Background
Active involvement of patients in decision making for their own medical care, such as deciding whether or not to accept a particular treatment (informed consent), or choosing among medical-care options (informed choice), is becoming a worldwide practice [
1]. In Japan, informed consent was codified in the “Medical Service Act” in 1997, and is now common practice [
2]. Recent surveys show that moving beyond informed consent, Japanese patients are involved in informed decision making in clinical practice [
3] and that they prefer this involvement [
4]. Consequently, it is very important to ensure that patients correctly understand medical information, so that their decisions, possibly made in life-threatening situations, reflect their true will.
One way to address this issue would be to assess patients’ health numeracy, the ability to understand probabilistic and mathematical concepts [
5]. Health numeracy has gained increasing attention, as the amount of quantitative information, such as the probability of survival outcomes for different medical treatments, is increasingly present in medical risk information [
6,
7]. Previous studies assessing health numeracy have shown that individuals with low numeracy are more likely to misunderstand risk information, and their risk evaluations tend to be more influenced by context, such as how the related numbers are framed (reviewed in [
5,
8‐
11]). While many of those studies used healthy respondents, studies with actual patients have shown the influence of numeracy on their disease-related decision making (e.g. [
12‐
15]). Therefore, to ensure accurate medical-risk communication, it is important to know whether patients have a sufficient level of health numeracy.

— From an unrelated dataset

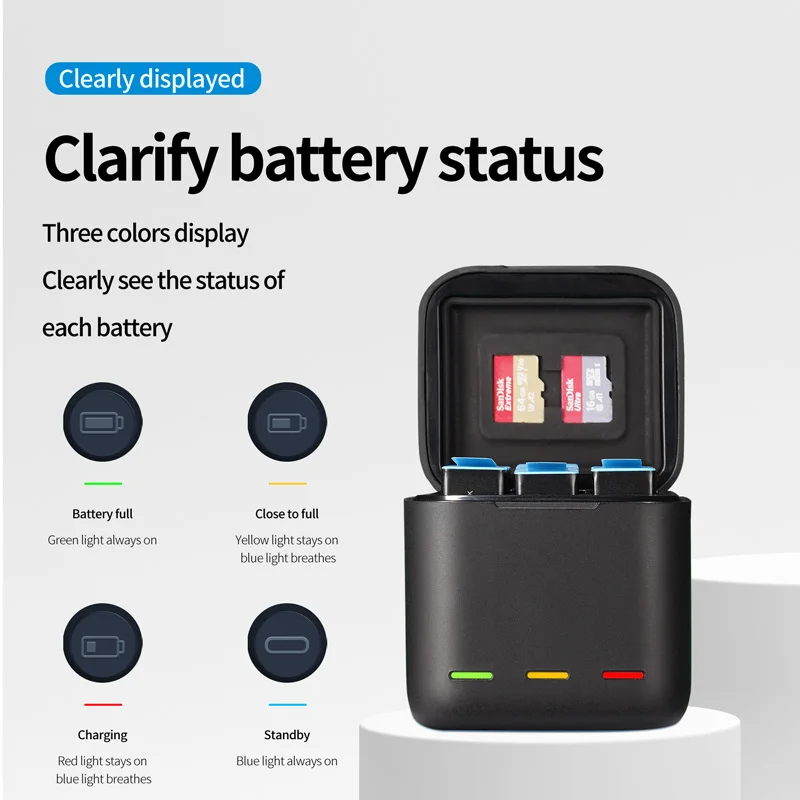GoPro 10 9 Battery Charger 3 Way Smart Charging Case Rechargeable 1750mAh Battery Storage Box For Go pro Hero 9 10 Accessories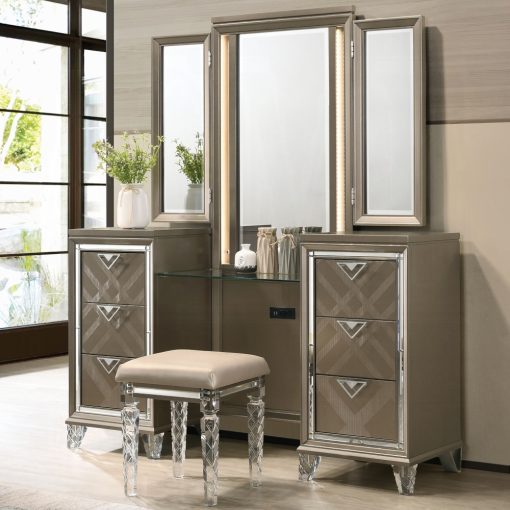 Acme Skylar Dark Champagne Vanity Desk & Mirror - Image 6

Despite its importance, however, health numeracy and assessment scales have been largely understudied in many countries, including Japan. In fact, previous research is mostly from the United States and Europe, with research in other countries just beginning (e.g. [
16‐
18]). These pioneering studies on cross-cultural comparisons have shown considerable differences in numeracy levels [
16,
19], as well as the association of numeracy with decision making [
20,
21] across different countries. Therefore, it is important to determine how previous findings apply to different countries, and develop strategies suitable for each case.

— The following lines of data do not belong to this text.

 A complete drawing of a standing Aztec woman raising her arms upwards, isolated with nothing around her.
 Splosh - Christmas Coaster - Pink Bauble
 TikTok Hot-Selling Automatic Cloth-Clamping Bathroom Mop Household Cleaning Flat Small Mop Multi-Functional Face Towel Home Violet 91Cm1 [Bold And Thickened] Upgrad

In Japan, the limited attention paid to health numeracy might be a reflection of the common belief that the majority of Japanese people enjoy basic numeracy. For example, since its inception in 2000, the Programme for International Student Assessment has rated the mathematical ability of Japanese students (aged 15 to 16 years) as higher than the international average, whereas that in the United States has been below average. While this might imply that Japanese patients are able to correctly use numerical medical data, recent pioneering work in Japan suggests this might not be the case [
22]. In their study, Takahashi et al. developed a 7-item scale to test the ability of Japanese patients to interpret medical information (TAIMI), with 3 of these items especially relevant to numeracy. Unexpectedly, more than 50 percent of respondents made mistakes in 2 of these items. Those 2 items evaluated the effect of a medicine, one presenting information as a fraction and the other as a natural frequency. This result suggests that Japanese health numeracy may not be as high as expected, and that there is a need for further investigation specifically focusing on health numeracy.
The aim of this study is twofold: 1) to evaluate Japanese versions of numeracy scales, and 2) to assess the health numeracy of Japanese adults.
We chose two well-known health numeracy scales that focus on the basic understanding of math and probability, the 3-item Schwartz scale [
23], and its expanded version, the 11-item Lipkus scale [
24]. To date, these scales are among the most frequently used instruments in numeracy studies. Since the focus of these tests is different from that of TAIMI, we were interested in how Japanese people performed in these health numeracy scales. Japanese versions of these scales (Schwartz-J and Lipkus-J) were prepared using forward and backward translation procedures [
25].
The reliability of the scales was assessed for internal consistency. The original scales were shown to be unidimensional; the original Schwartz study did not conduct a factor analysis, but Lipkus and colleagues evaluated the factor structure of their scale which included the Schwartz items [
24]. However, there are also studies showing multi-factor structure on these scales [
18]. Since factor structure could be different depending on the nature of a target population [
26], an exploratory factor analysis was conducted to explore factor structure for the Japanese version. Convergent validity of numeracy scales was evaluated by their correlation with existing measures of health numeracy [
8]. As mentioned above, TAIMI has a two-factor structure where three items are specifically relevant to numeracy [
22]. Thus, we examined correlations between TAIMI scores and the Schwartz-J and Lipkus-J scores. We expected a positive correlation between performance on TAIMI and the scales translated in this study, specifically for the numeracy items of TAIMI (TAIMI-num).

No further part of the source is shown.